The Hedge Maze
Now where would poor Danny Torrance be without the Overlook's famous hedge maze? He'd be in Deadsville, Population: Danny.
As Mr. "Information Tool" Ullman says at the beginning of the movie,
"This is our famous hedge maze. It's quite an attraction around here. The walls are thirteen feet high and the hedges are about as old as the hotel itself."
Now mazes are something you'll find in famous art all the way back to the Ancient Greeks. But in this case, the maze is an especially good symbol for Jack Torrance's descent into madness. His is a winding, twisting path towards absolutely insanity… that eventually leads him to his death in the middle of the hedge maze. Fitting, eh?

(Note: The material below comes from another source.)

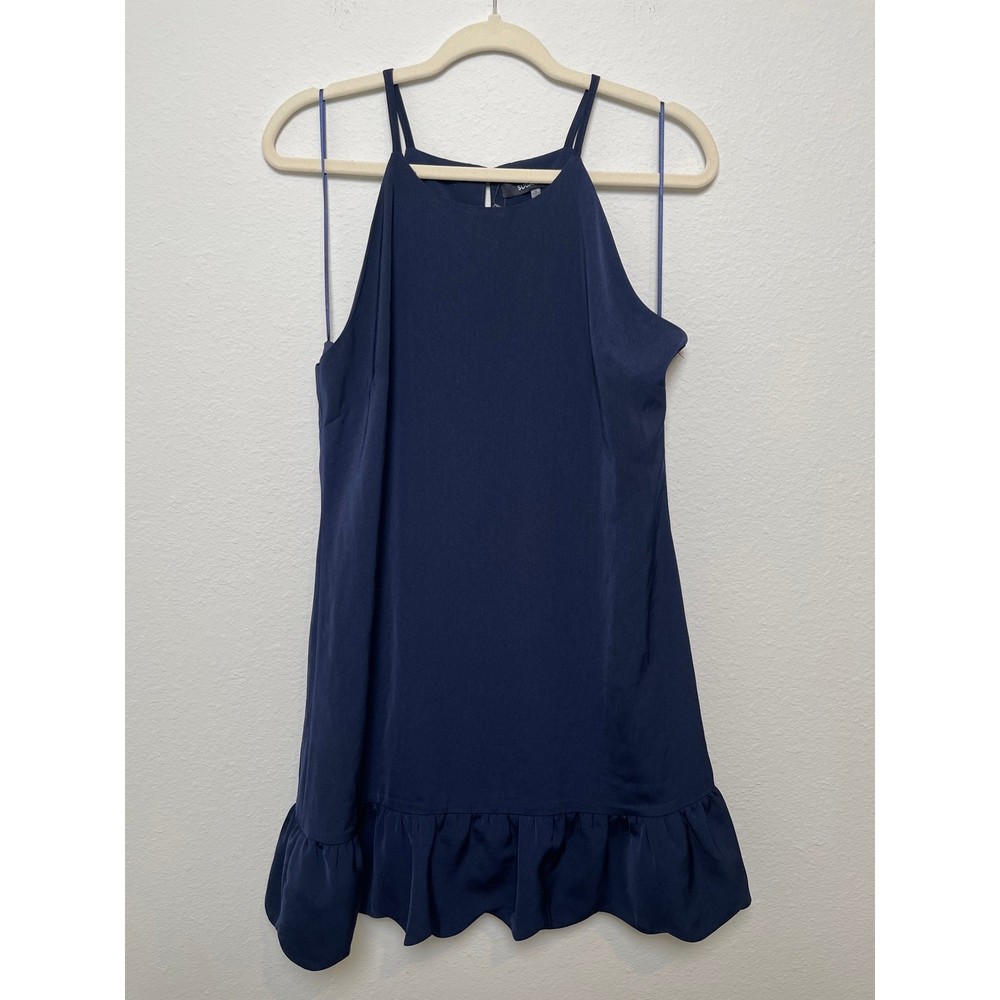 Sugar Lips Navy Halter Mini Dress Ruffle Hem Sleeveless Women’s Small NWT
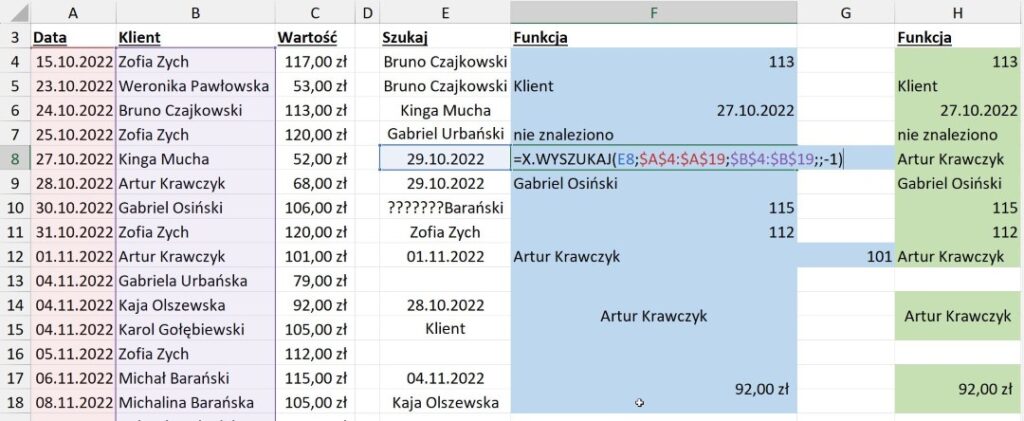 x.wyszukaj przeszukiwanie niedokładne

As Mr. Ullman tells us, it's not easy to find your way out of the Overlook's hedge maze once you've gotten into it:
"It's a lot of fun, but I wouldn't go in there unless I had an hour to spare to find my way out."
Yet while Jack Torrance spends the movie trying to write, Danny familiarizes himself with the maze, and it's this knowledge that will eventually save his life. (Then again, you wonder why the ghosts of the Overlook couldn't help Jack get out, since they were powerful enough to let him out of a locked room. Maybe they were too busy at their perpetual Great Gatsby-themed party to learn how the hedge maze worked?)